Das war alles, im Großen und Ganzen. Nach diesen leichten Gewinnen hatte Kavadh kein Interesse mehr daran, den Krieg fortzusetzen. Die Römer versuchten noch einmal, Amida zurückzuerobern, aber es gelang ihnen nicht. 504 wurde ein Waffenstillstand vereinbart, und man verhandelte über einen dauerhaften Frieden; nennenswerte Kampfhandlungen gab es keine mehr. Das Friedensabkommen war für Anastasios keine allzu große Demütigung, denn jährliche Zahlungen, wie sie die Perser vor dem Krieg gefordert hatten, wurden nicht vereinbart, und die Römer erhielten die Kontrolle über Amida zurück.

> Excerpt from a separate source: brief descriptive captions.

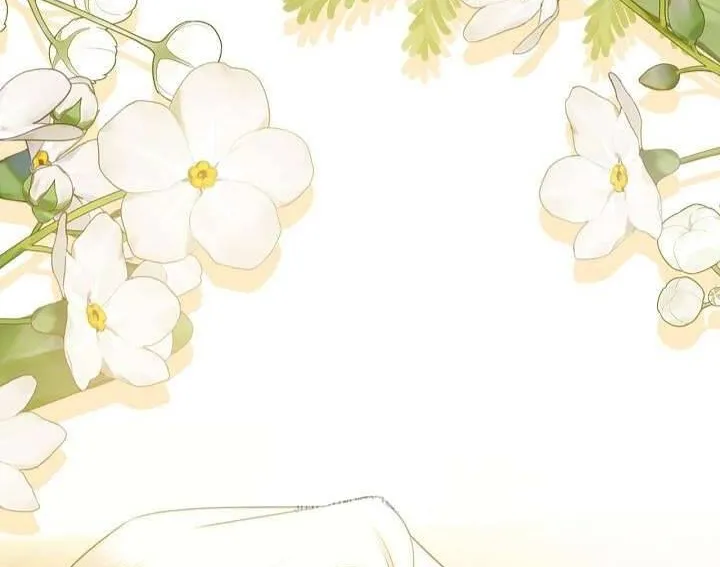 Xin Lỗi Vì Tôi Không Thể Rời Mắt Khỏi Vẻ Ngoài Của Ngài Chap 45 - Next Chap 46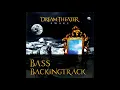 Download Lagu Dream Theater- 6:00 (Six o'clock) BASS Backing Track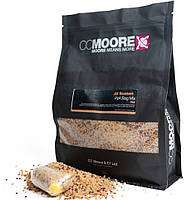 Стик Микс CC Moore All Season PVA Bag Mix 1 кг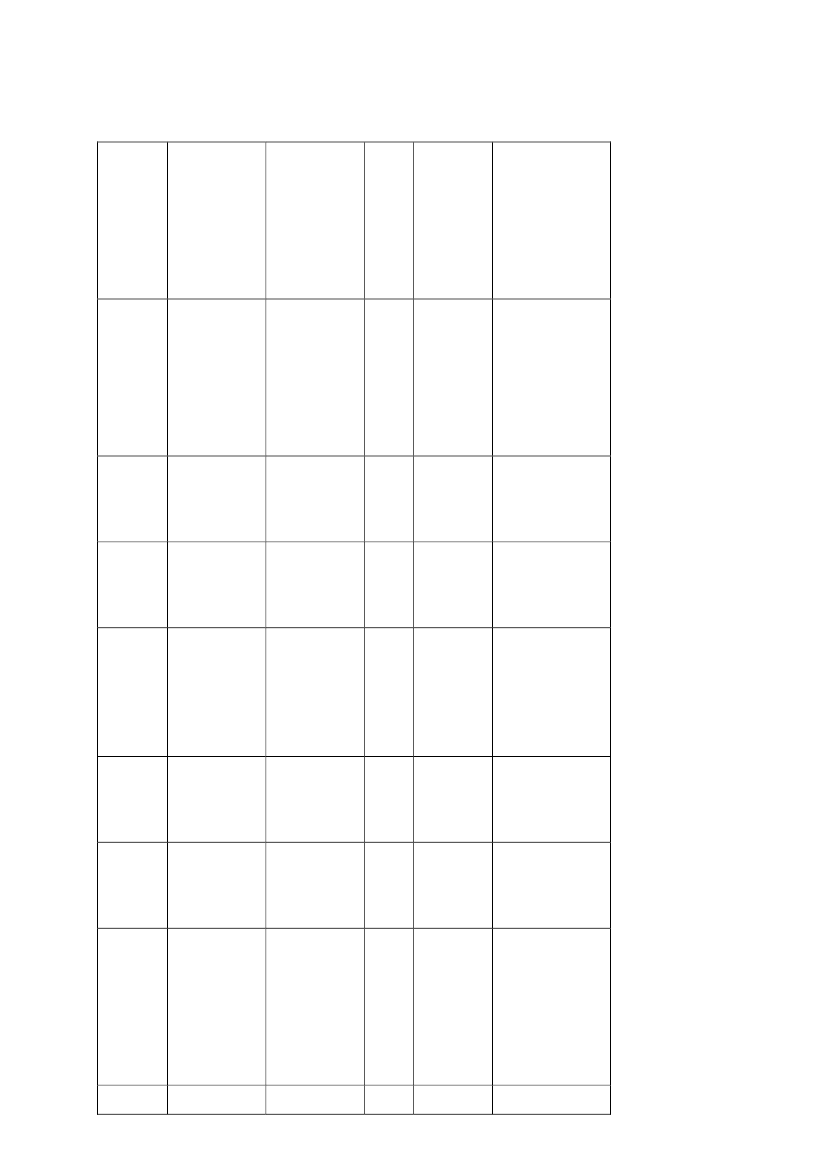 1483935_0799.png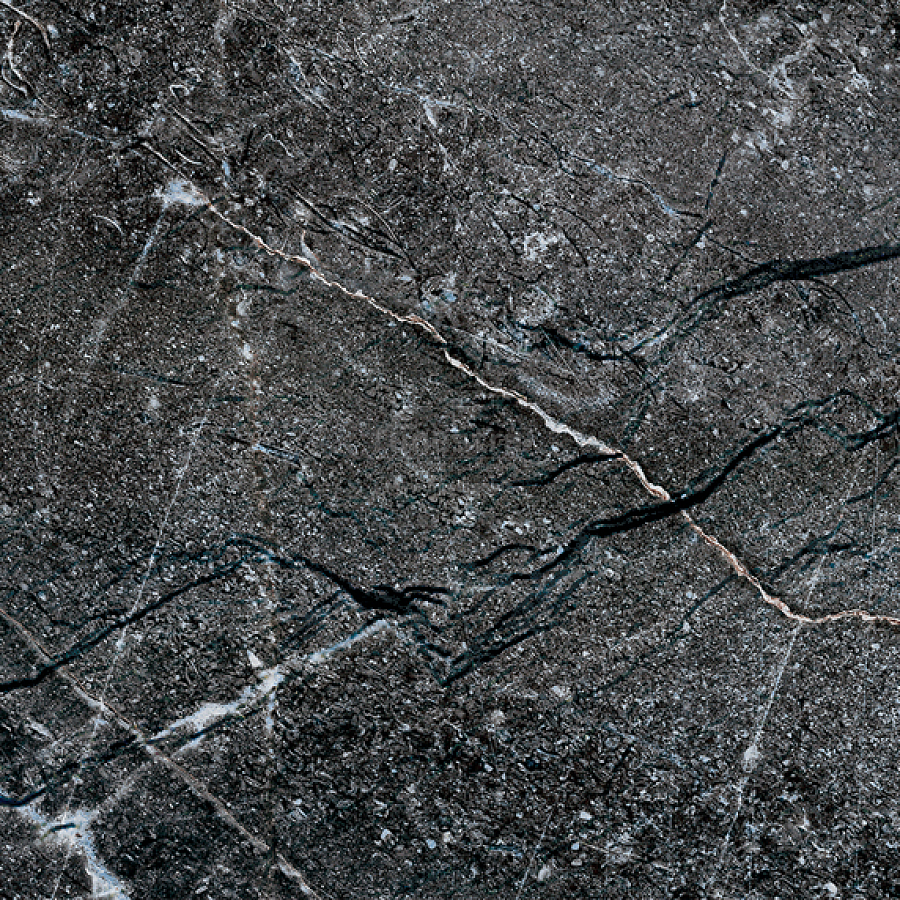 Гибкая керамика PHOMI Mount Celestial 1200x600мм 0.72м2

Der Kaiser ließ nun die römischen Verteidigungsanlagen in Mesopotamien ausbauen, nicht nur in Amida, sondern auch in Edessa und Batnae, und richtete an der Grenze bei Dara einen ganz neuen römischen Stützpunkt für die Region ein. Im Gegenzug verzichtete man auf Vergeltungsmaßnahmen für die militärischen Niederlagen von 502/503. Es war Anastasios gelungen, Amida allein durch Verhandlungen zurückzugewinnen – und indem er seinem persischen Rivalen einen bestimmten Festbetrag zahlte. Nichts von alldem war besonders verhängnisvoll, doch weder der Kaiser noch sein Lieblingsneffe (dessen Feldzug zur Rückeroberung Amidas ein Fehlschlag gewesen war) konnten aus den Vorgängen ein derartiges politisches Kapital schlagen, dass es ihnen ermöglicht hätte, die Balance zwischen den verschiedenen Fraktionen bei Hofe in Konstantinopel entscheidend zu ihren Gunsten zu beeinflussen. 13
Das Gleiche gilt für das zweite große Thema von Anastasios’ Herrschaft: die Spaltung innerhalb der oströmischen Kirche. Wie wichtig dieser Komplex war, klang bereits zu Beginn, bei der Szene im Hippodrom, kurz an, als die Menge – wahrscheinlich nach vorheriger Absprache – verlangte, der neue Kaiser müsse »orthodox« sein. Die gegenwärtige Spaltung war eine Reaktion auf die Definition des christlichen Glaubens beim Konzil von Chalkedon im Jahr 451, dem vierten großen ökumenischen Konzil der römischen Spätantike. Das grundlegende Thema war die anhaltende Debatte darüber, in welcher Form das göttliche und das menschliche Element in der Person Christi vereint seien – was wiederum erhebliche Auswirkungen auf die Frage hatte, auf welche Weise Christus die Menschheit gerettet hat. War Christus als Gott am Kreuz gestorben? War dies das Wunder, mit dem er den Tod besiegt hatte? Aber konnte ein unsterblicher Gott überhaupt sterben?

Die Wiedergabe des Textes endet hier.